In our experiments, the word embeddings in the user and ad models were initialized by the pre-trained Glove [30] embeddings. The ad ID embeddings are randomly initialized. In the CTR predictor, following Reference [1], we used dot-product as the CTR prediction function. Each self-attention networks had 16 heads, and the output from each head was 16-dimensional, which means that the total hidden dimension is 256. The query vectors in attention networks were also 256-dimensional. Adam [16] was used as the model optimizer (with a learning rate of 1e-3). The batch size was set to 32. The number of epoch is 2. The dropout [38] ratio after each layer was 20%. The strength of Laplace noise \(\lambda _{LDP}\) in the LDP modules was 0.01, and \(\lambda _{DP}\) in the DP module was 0.005. Hyperparamters were tuned on the validation set. To evaluate the model performance, on the Ads dataset, we used AUC and AP as the metrics. We reported the average results of 10 independent experiments.

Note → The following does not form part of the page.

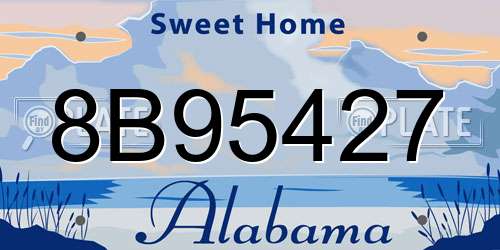 8B95427 Alabama License Plate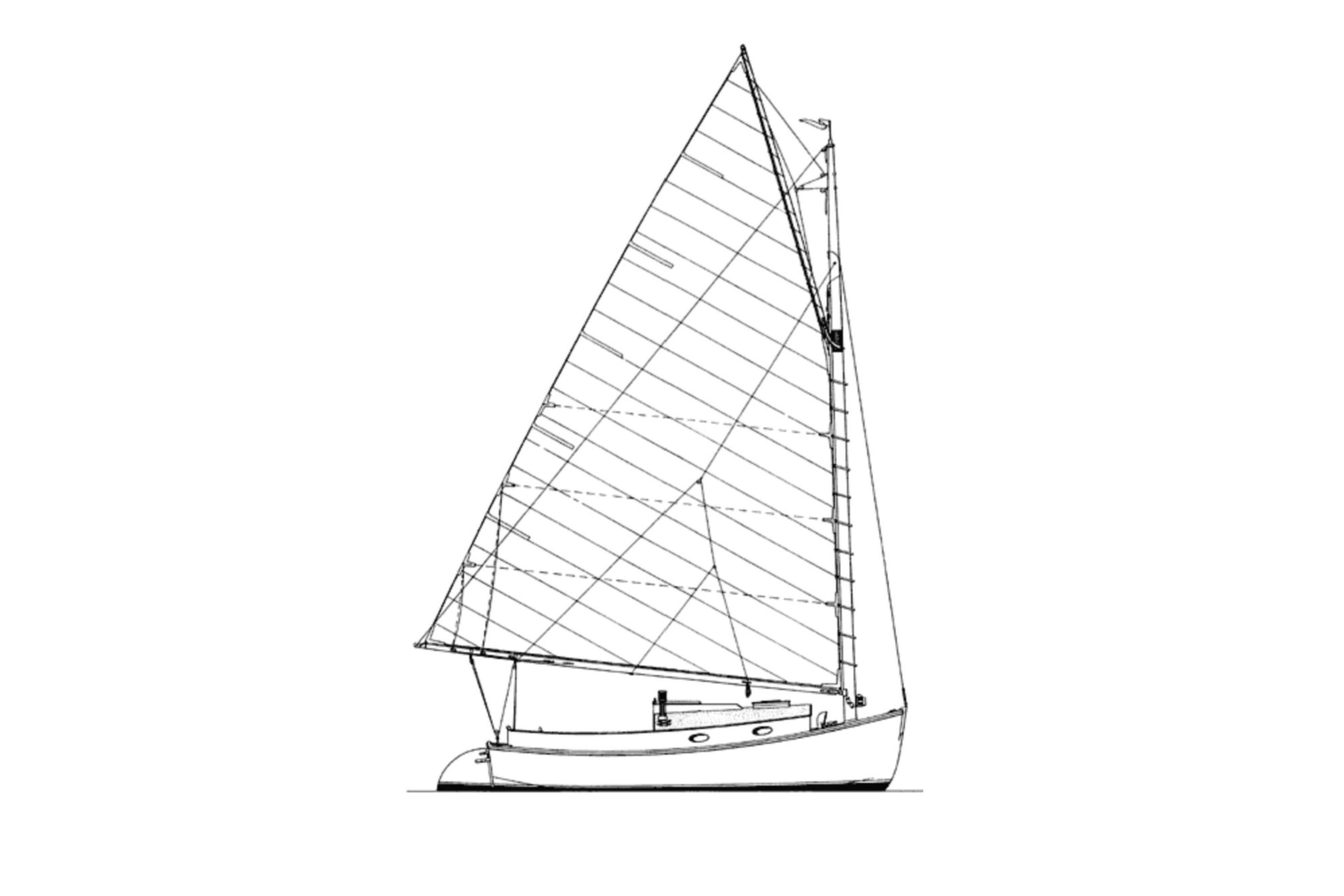 Line drawing of a 1978 Cape Cod Catboat, Ted Brewer model, with detailed sail design.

4.2 CTR Prediction Performance

We compare the performance of FedCTR with several baseline methods, include:

•

LR [3, 37], logistic regression, a widely used method for ads CTR prediction. We used ad IDs and the TF-IDF features extracted from the texts of behaviors and ads as the input.

•

FM [35], factorization machine, which is a popular method for CTR prediction. We used the same features as LR.

•

Wide&Deep [5], a popular CTR prediction method with a wide linear part and a deep neural part. Same features with LR were used.

•

PNN [33], product-based neural network for CTR prediction, which can model the interactions between features.

•

DSSM [13], deep structured semantic model, a famous model for CTR prediction and recommendation.

•

DeepFM [10], a combination of factorization machines and deep neural networks for CTR prediction.

•

DIN [45], deep interest network for CTR prediction. We use the same ad and behavior models with our approach to learn ad and behavior features.

•

DIEN [44], deep interest evolution network for CTR prediction. Same ad and behavior features with DIN are used.

•

DIFM [23], a dual input-aware factorization machine for CTR Prediction. Same ad and behavior features are used.

•

NativeCTR [1], a neural native ads CTR prediction method based on attentive multi-view learning.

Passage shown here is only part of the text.